§ **Assignment**
An exact reproduction is needed of every line from the beginning of the data down to and including the line that contains "11.50 Carat Royal", minus the pictures.

[Saved data entries]
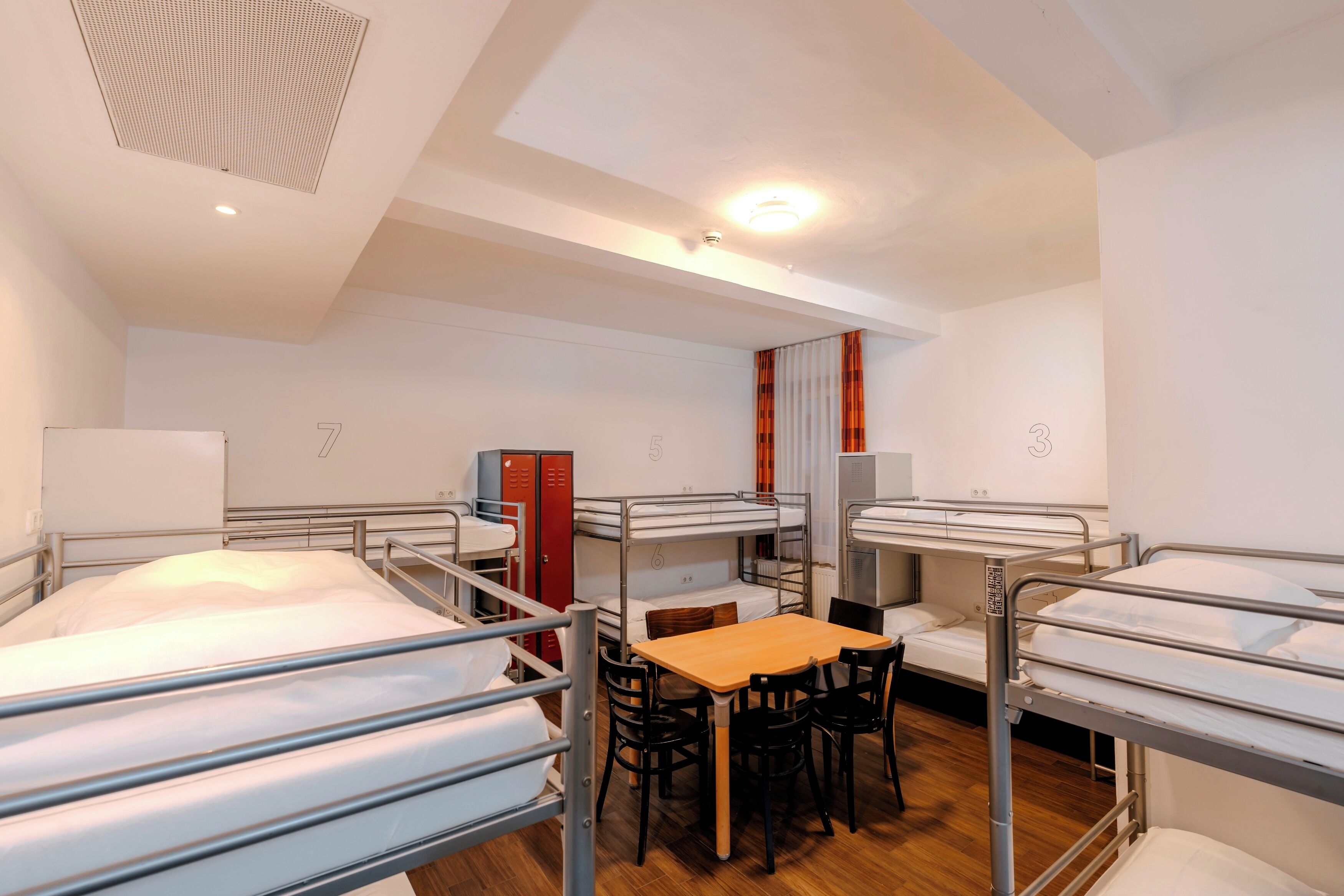 A dormitory room with bunk beds, a wooden table, chairs, and a desk.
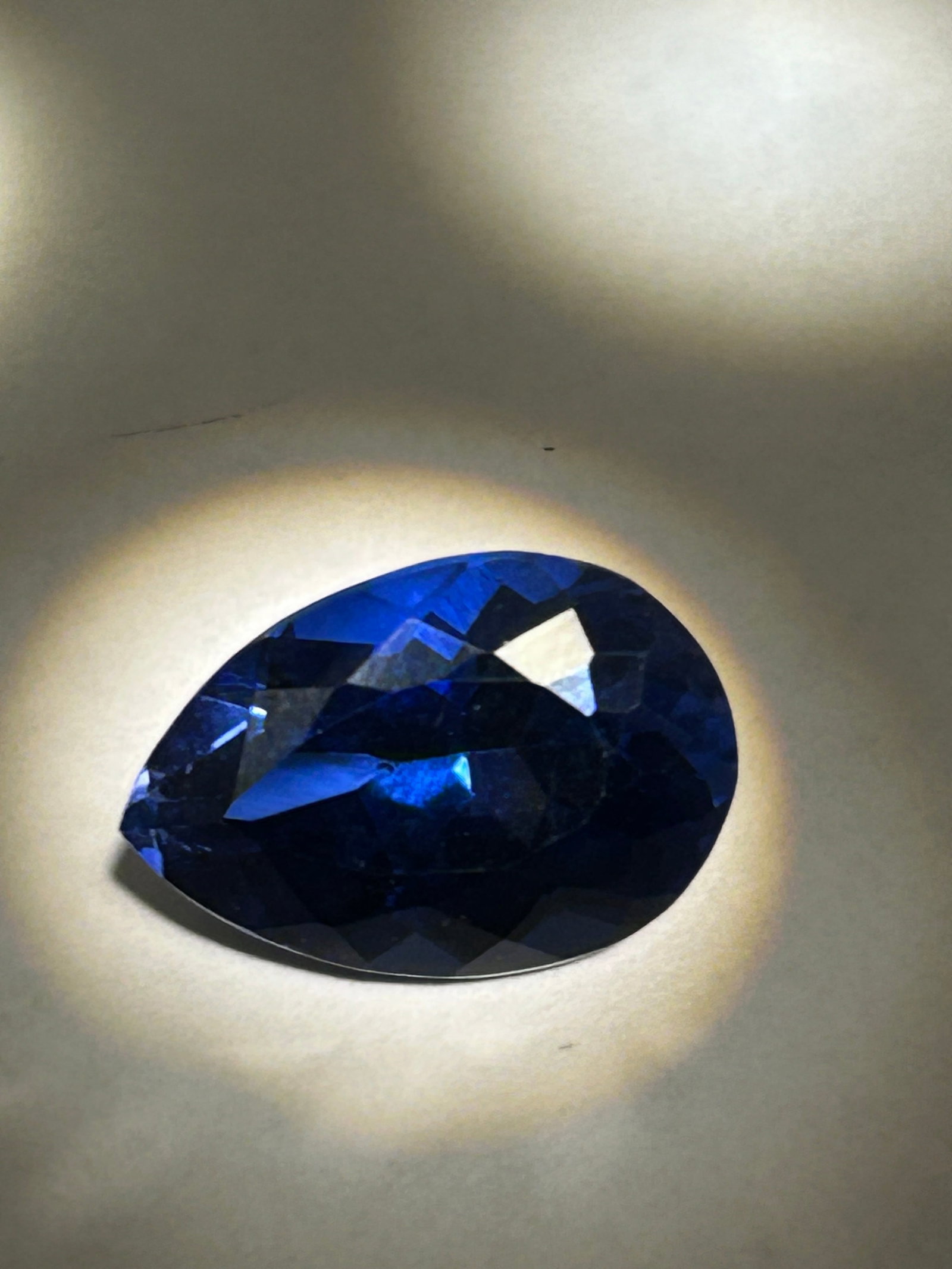 11.50 Carat Royal Blue Sapphire Pear Cut EGL Certified: high-carat gemstone that offers a classic "teardrop" aesthetic, often used as a centerpiece for statement rings or large pendants. This weight is considerably large for a sapphire, as stones over 5 ca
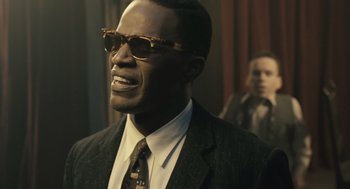 Movie still from “Ray” (2004), directed by Taylor Hackford – A man wearing a suit and sunglasses in front of a wall; Close Up shot, Over the shoulder angle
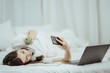© Kritdanai - beautiful girl talking on the phone in bed Beautiful young woman doing herself on bed at home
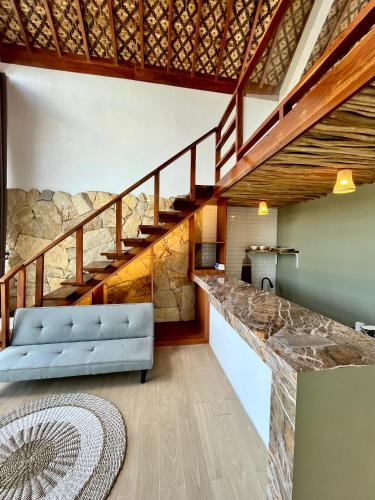 a living room with a blue couch and a staircase at Villa Suaka by Sackstone in Watukarung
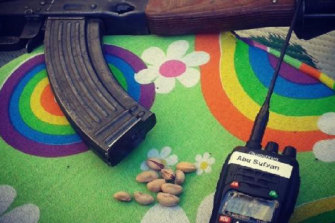 A photo of a gun and radio that Brookman published on Instagram while in Syria in 2014.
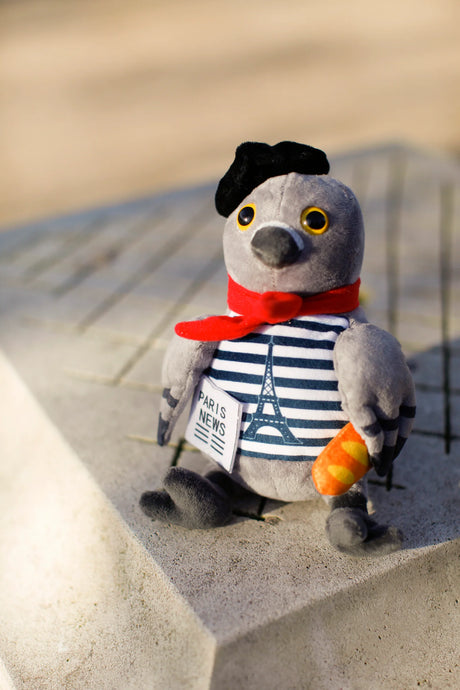 Stuffed toy pigeon in Paris-themed outfit with a red scarf and black beret, holding an orange, on a concrete surface.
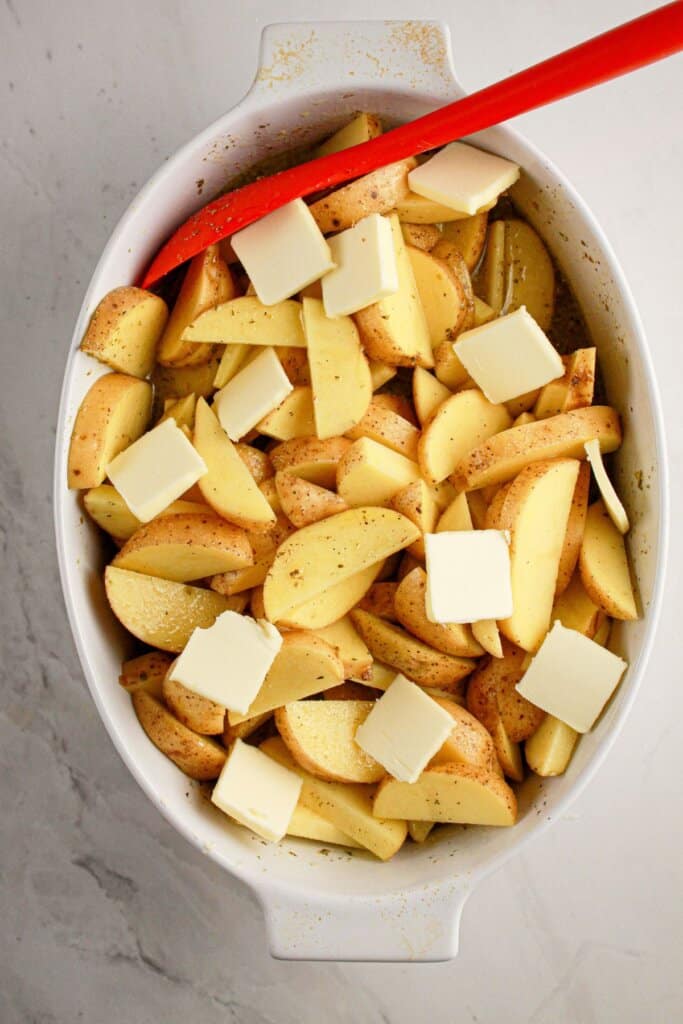 Butter slices on top of potatoes in a baking dish.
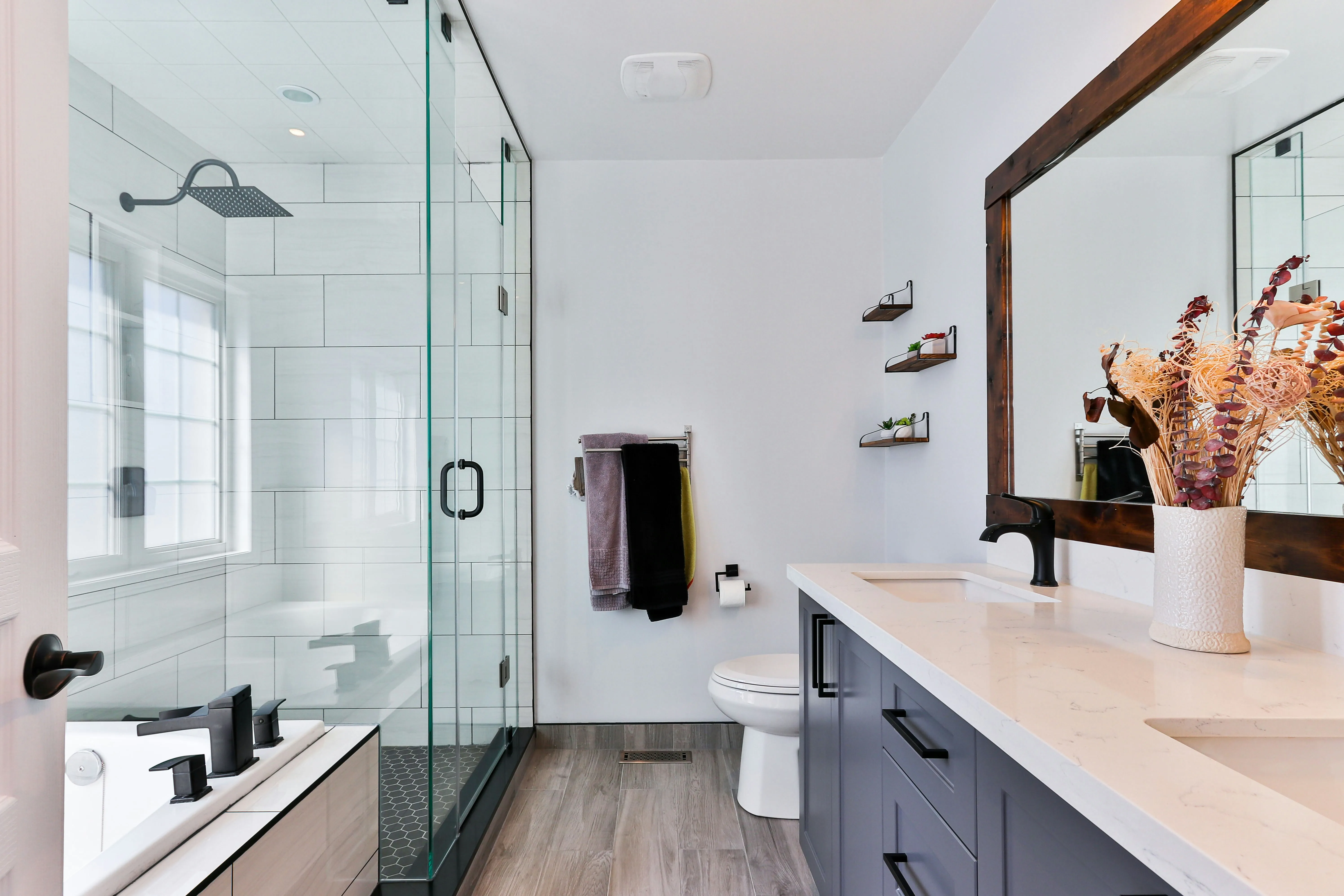 A sparkling clean bathroom with a glass shower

§ **Reply to the task**
 A dormitory room with bunk beds, a wooden table, chairs, and a desk.
 11.50 Carat Royal Blue Sapphire Pear Cut EGL Certified: high-carat gemstone that offers a classic "teardrop" aesthetic, often used as a centerpiece for statement rings or large pendants. This weight is considerably large for a sapphire, as stones over 5 ca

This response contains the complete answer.